Comprehensive Evaluation: High reliability achieved through realistic interaction simulations, four specialized judges, and human verification.
Value of the System Message Paradox: Reveals deep-seated issues in current SLM architectural designs.

Limitations & Future Work¶

Limited Style Variety: Only 4 paralinguistic attributes covered; complex styles like intonation changes or role-playing were not included.
No Style Composition: Current models cannot maintain even a single style; multi-style composition is left for future work.
Restricted Attention Analysis: Internal attention was only analyzed for the open-source Step-Audio 2 mini.
Future Directions: Style-anchored attention mechanisms, persistent representations for style embeddings, and following multi-style compositions.

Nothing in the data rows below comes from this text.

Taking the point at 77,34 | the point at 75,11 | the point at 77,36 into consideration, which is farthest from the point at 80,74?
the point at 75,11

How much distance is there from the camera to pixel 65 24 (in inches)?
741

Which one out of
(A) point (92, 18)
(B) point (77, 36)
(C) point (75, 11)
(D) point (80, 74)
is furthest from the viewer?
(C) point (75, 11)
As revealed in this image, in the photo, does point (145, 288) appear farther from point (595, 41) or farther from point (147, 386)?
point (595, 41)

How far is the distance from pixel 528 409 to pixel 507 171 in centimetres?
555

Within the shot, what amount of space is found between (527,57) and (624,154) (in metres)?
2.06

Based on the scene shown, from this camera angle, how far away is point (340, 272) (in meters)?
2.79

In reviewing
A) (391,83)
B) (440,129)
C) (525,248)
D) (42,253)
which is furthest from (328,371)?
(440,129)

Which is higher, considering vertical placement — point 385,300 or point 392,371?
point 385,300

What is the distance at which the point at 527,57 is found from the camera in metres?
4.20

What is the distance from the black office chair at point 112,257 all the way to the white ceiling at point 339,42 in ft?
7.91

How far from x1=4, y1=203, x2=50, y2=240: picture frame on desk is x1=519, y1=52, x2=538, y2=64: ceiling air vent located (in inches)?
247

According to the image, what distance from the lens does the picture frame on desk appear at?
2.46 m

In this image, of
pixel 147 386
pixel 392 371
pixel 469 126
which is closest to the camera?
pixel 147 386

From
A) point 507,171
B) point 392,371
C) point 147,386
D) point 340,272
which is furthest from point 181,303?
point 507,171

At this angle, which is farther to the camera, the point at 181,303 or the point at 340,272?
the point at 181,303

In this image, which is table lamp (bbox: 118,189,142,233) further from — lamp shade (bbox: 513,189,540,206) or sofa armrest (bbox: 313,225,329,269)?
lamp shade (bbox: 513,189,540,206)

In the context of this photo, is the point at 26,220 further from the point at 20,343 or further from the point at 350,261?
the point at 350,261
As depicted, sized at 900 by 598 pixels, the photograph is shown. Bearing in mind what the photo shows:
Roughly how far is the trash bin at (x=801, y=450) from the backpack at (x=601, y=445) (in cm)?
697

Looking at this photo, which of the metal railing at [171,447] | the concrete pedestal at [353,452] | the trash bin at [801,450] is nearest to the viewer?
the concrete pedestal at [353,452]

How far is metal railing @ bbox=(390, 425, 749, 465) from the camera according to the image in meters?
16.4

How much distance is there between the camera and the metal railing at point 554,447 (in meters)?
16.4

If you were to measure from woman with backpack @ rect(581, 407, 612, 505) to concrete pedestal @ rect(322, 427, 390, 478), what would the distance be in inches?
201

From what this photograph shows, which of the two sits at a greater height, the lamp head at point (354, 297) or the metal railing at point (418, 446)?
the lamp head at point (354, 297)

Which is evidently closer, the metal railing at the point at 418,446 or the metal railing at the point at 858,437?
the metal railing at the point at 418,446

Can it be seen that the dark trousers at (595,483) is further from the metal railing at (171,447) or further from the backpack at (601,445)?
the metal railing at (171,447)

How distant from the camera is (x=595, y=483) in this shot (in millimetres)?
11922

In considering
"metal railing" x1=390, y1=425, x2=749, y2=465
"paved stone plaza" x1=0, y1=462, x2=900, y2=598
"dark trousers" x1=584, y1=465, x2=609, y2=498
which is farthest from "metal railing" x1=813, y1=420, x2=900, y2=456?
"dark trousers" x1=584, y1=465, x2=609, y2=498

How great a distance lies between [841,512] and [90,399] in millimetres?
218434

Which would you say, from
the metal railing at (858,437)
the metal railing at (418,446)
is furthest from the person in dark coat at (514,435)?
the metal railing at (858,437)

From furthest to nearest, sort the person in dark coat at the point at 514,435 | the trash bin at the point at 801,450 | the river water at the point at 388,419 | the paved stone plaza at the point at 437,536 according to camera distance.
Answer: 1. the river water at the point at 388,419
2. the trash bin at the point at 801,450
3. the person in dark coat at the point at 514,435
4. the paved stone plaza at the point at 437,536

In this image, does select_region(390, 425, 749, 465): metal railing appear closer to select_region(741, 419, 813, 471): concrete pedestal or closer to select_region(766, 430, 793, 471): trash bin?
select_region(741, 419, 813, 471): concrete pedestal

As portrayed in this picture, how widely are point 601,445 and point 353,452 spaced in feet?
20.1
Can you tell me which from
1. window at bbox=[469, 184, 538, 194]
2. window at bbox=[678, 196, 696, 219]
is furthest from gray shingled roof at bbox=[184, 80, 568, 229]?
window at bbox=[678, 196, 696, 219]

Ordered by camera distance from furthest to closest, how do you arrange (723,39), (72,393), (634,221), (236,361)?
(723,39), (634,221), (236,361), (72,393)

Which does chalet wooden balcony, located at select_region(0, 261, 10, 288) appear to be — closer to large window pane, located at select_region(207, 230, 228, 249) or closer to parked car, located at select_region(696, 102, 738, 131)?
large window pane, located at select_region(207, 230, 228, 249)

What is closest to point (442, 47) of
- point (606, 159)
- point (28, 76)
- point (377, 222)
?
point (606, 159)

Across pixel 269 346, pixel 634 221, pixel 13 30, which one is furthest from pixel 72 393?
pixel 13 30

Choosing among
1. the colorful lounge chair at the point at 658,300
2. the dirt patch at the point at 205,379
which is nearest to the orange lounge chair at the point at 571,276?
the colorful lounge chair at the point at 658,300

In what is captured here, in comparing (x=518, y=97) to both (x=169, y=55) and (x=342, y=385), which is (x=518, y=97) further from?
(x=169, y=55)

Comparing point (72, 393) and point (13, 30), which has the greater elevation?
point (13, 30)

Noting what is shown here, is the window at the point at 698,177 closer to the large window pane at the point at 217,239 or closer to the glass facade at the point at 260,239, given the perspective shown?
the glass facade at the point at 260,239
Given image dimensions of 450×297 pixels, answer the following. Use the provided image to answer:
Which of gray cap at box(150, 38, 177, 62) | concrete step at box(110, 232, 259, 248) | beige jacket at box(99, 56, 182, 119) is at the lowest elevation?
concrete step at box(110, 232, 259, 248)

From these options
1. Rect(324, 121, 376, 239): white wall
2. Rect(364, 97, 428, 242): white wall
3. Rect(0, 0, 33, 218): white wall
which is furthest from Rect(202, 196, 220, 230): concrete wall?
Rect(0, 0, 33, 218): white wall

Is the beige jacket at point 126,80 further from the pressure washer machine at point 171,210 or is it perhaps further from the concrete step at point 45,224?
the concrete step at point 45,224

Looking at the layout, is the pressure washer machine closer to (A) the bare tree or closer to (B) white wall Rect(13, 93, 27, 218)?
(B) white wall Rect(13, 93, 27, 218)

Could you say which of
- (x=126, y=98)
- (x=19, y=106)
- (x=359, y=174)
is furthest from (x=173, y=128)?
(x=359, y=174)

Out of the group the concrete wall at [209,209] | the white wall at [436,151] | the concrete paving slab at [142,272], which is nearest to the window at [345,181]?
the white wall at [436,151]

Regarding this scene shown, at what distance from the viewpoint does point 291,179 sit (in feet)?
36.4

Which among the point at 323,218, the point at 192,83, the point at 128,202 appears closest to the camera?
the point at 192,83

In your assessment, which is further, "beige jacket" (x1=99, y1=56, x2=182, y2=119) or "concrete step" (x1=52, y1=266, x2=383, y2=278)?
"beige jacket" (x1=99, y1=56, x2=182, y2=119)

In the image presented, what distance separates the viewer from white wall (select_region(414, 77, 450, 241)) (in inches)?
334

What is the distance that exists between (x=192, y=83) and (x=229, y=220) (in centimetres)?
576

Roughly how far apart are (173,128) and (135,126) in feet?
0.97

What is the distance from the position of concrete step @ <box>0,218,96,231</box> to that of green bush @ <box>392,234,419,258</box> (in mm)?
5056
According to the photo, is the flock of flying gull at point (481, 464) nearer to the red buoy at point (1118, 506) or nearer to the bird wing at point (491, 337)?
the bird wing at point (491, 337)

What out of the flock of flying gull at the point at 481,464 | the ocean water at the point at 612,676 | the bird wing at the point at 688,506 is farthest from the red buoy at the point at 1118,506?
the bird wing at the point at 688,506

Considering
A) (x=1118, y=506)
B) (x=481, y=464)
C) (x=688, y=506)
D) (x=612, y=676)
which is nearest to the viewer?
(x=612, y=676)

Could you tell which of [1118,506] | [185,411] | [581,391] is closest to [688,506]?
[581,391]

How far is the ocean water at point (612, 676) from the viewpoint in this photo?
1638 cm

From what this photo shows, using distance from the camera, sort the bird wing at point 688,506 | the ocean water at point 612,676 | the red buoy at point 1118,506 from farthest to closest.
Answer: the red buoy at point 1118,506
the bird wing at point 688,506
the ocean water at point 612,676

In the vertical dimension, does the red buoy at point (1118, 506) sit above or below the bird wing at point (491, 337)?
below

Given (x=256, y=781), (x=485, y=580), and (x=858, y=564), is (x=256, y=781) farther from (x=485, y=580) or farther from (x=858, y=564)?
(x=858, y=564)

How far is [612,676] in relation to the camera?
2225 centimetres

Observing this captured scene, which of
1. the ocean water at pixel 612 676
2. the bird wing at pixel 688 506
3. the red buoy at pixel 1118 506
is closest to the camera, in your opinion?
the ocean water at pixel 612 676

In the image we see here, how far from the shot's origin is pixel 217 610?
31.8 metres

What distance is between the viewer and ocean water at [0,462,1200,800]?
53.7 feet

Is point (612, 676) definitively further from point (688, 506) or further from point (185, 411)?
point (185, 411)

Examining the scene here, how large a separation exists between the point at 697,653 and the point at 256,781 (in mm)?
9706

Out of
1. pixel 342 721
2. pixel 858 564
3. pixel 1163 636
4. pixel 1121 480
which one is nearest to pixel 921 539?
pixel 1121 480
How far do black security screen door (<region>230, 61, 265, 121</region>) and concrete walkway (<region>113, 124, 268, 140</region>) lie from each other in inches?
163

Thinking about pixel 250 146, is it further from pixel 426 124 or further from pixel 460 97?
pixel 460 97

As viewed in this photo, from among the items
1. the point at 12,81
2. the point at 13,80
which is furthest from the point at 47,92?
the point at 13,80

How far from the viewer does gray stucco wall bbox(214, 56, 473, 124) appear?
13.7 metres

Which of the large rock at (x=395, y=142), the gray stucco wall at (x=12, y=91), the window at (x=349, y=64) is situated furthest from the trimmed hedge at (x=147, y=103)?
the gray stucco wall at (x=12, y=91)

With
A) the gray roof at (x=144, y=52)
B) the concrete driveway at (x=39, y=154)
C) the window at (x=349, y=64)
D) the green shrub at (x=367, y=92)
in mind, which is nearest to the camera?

vs. Multi-Bench: Also evaluates multi-turn SLMs but only aggregates global scores; this work provides turn-by-turn analysis.
vs. VocalBench/VoxDialogue: Uses predefined dialogues rather than real interactions, preventing turn-by-turn degradation analysis.
vs. Text LLM Multi-turn Research: Similar performance degradation has been found in the text domain; this work extends it to paralinguistic features in the speech domain.

Rating¶

Novelty: ⭐⭐⭐⭐⭐ First to systematically reveal the SLM style amnesia phenomenon with the "remember but fail" insight.
Experimental Thoroughness: ⭐⭐⭐⭐ Covers 5 models, 10 styles, 1000 dialogues, with attention analysis and mitigation experiments.
Writing Quality: ⭐⭐⭐⭐⭐ Clear problem definition, progressive experimentation, and intuitive visualizations.
Value: ⭐⭐⭐⭐⭐ Identifies a critical barrier for SLM deployment with clear implications for model design and training.